Before upsizing to SQL Server for performance reasons, make sure your Access database is optimized so that it runs as well as it can in Access. Going to SQL Server will not fix serious database and query design issues. Fixing these in Access is actually easier than doing so later in SQL Server, so the time and effort spent doing this is preserved should you upsize later.
To ensure your Microsoft Access database does not have serious problems, use our Total Access Analyzer program to document and analyze your database. It detects over 300 types of errors, design suggestions, and performance issues that can help you optimize your Access database.
For relatively small Microsoft Access databases, do not upsize to SQL Server solely for performance reasons. There may be a decrease in performance after upsizing. Look for ways to optimize the problems in Access before making the investment to upsize. Performance issues may be unrelated to the data storage.

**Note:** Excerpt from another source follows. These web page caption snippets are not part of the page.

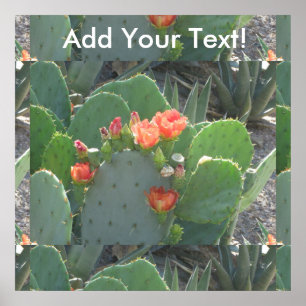Prickly Pear Cactus Green Red Bloom Poster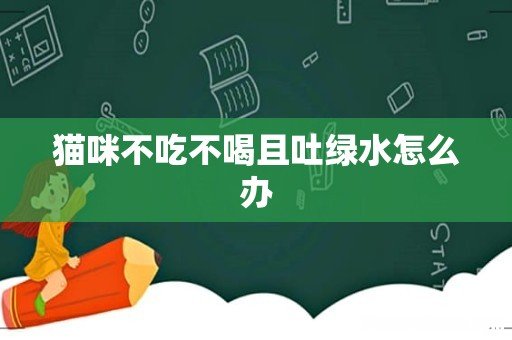 猫咪不吃不喝且吐绿水怎么办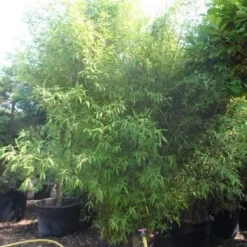 Bamboe (Phyllostachys Aurea) -Aanbiedingen Tuin Verrassing Winkel phyllostachys aurea 300 400 c160 200 extra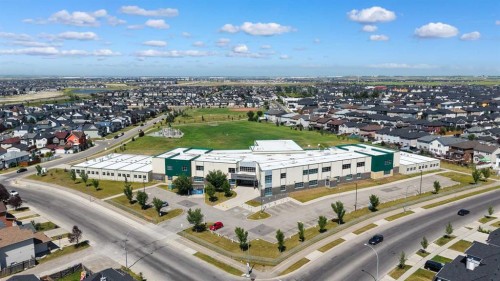 163 Saddlemont Crescent Ne, Calgary, AB 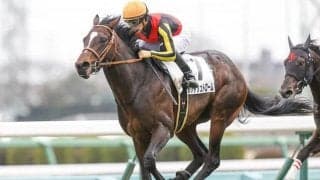 【京成杯AH予想】サマーマイルシリーズ最終戦!!斤量有利な3歳馬に注目/JRAレース展望
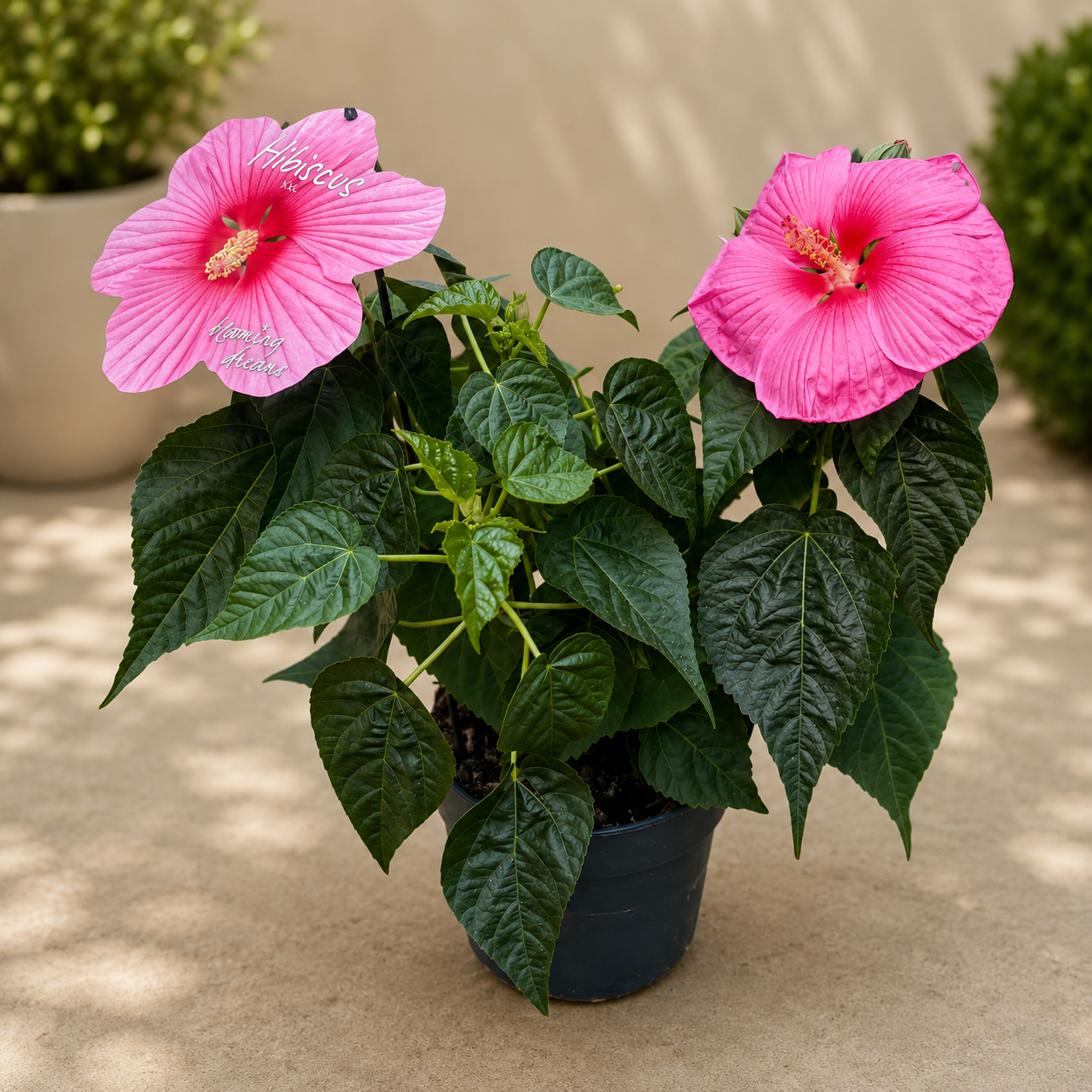 Hibiscus moscheutos ‘Extreme Hot Pink Imp’ – trvalý ibištek s obrovskými intenzívne ružovými kvetmi  
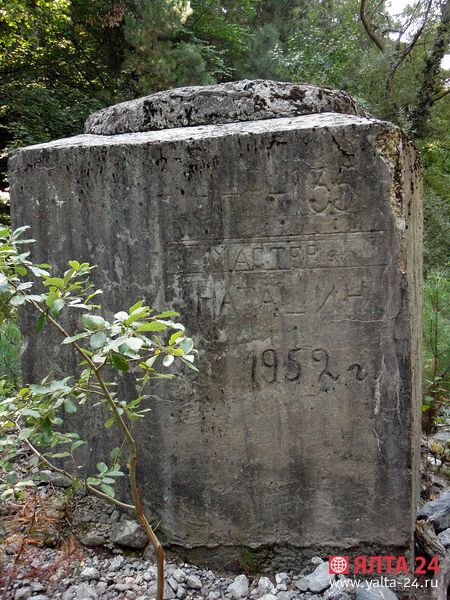 P9200150 ych koch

If you decide to upsize your database to SQL Server, be aware that certain features are lost when you migrate to SQL Server. Microsoft Access databases are multiuser aware and automatically handle data that changes in a multiuser environment. SQL Server databases only provide information upon request. It does not broadcast changes, which has implications on your solution:
|Issue||Microsoft Access||Microsoft SQL Server|
|Data Being Viewed is Modified by Another User||The new data is automatically updated on the screen. No keystrokes or code is necessary to reflect this.||The old data remains on the screen until an explicit refresh (requery) is invoked.|
|Edit a Record that Someone Else is Editing||A warning is issued that the record is currently being edited by someone else. Saves the user from wasting time editing a record that can't be saved.||A warning is issued AFTER an attempt is made to save the record. May result in discarding all the modifications the user made. Developers can write code and tag records to implement a record locking mechanism, but this is not a built-in feature of SQL Server.|
|Multi-value Filter Feature||This nice feature simplifies end-user filtering on datasheets
and appears without the need for programming. It was introduced in Microsoft Access 2007 for Access tables:
|The multi-value selection filter is not available for SQL Server tables|
|Heterogeneous Joins||Microsoft Access databases can link to tables from different sources (different Access databases, SQL Server tables, Oracle, tables, external files in other formats, etc.) and perform queries across them to generate results.||When Access databases query data from a linked SQL Server table with data from another source, the performance optimization features of SQL Server are not utilized since all the table's data (or index) needs to be passed to Access for processing. Any expected performance gain for these types of queries are unlikely.|
|Cost||Nothing extra to buy or host. The free Microsoft Access Runtime version is available for distributing your Access databases to users who don't have their own license of Microsoft Access.||In addition to the hardware costs, SQL Server enterprise licenses are expensive if you want to host your own copy. A free SQL Server Express edition is available for relatively small databases (up to 10 GB).|
|VBA Support in Queries||Microsoft Access queries support the use of VBA functions on data from the query fields.||VBA is not supported by SQL Server. Access queries that use VBA functions cannot be run on SQL Server so all the requested data must be passed to Microsoft Access for processing. Translating these queries to Stored Procedures in SQL Server may be necessary for adequate performance.|
|User Defined Functions in Queries||Microsoft Access queries support the use of functions defined in modules to process data passed to them. Queries can be standalone queries or SQL in form/report record source and the data source of combo boxes and list boxes on forms, reports and table fields.||SQL Server cannot use functions defined in Access modules. The process needs to be redesigned, or those functions need to be translated to Stored Procedures on SQL Server. Depending on what those functions do and other objects they interact with, that may not be possible to replicate on SQL Server.|
|Tables without Primary Keys||Microsoft Access supports tables with and without primary keys||SQL Server requires tables to have primary keys in order to edit them. All tables should have primary keys anyway, so this should not be a limitation for upsizing, but there are often lookups that have unique text values (e.g. state lookups, zip codes, etc.).|
When contemplating an Access upsizing project, it is important to understand that there are a variety of upsizing options. These range from simply moving the data to completely re-architecting and redesigning the application. In order to choose the correct path for your upsizing project, you should be familiar with the types of data architecture that Access supports:
|Architecture||Description||% of Databases|
|Already Right-sized||Many Access databases do not need to be upsized; leave it in Access||85%|
|Upsize Data Only||Leave the application and logic in Access, move the data to SQL Server and link the Access database to it||10%|
|Upsize Application with ADP||Move the data to SQL Server and convert the Access application to an Access Data Project (ADP)||0%|
|Complete Replacement||Treat the Access application as a prototype and completely replace it with a new solution on SQL Server||5%|
If you were to inventory the use of Access in your organization, you would likely find hundreds to thousands of MDB databases scattered across computers and network drives. These databases run the gamut from simple lists built by staff members to workgroup-level multi-user applications.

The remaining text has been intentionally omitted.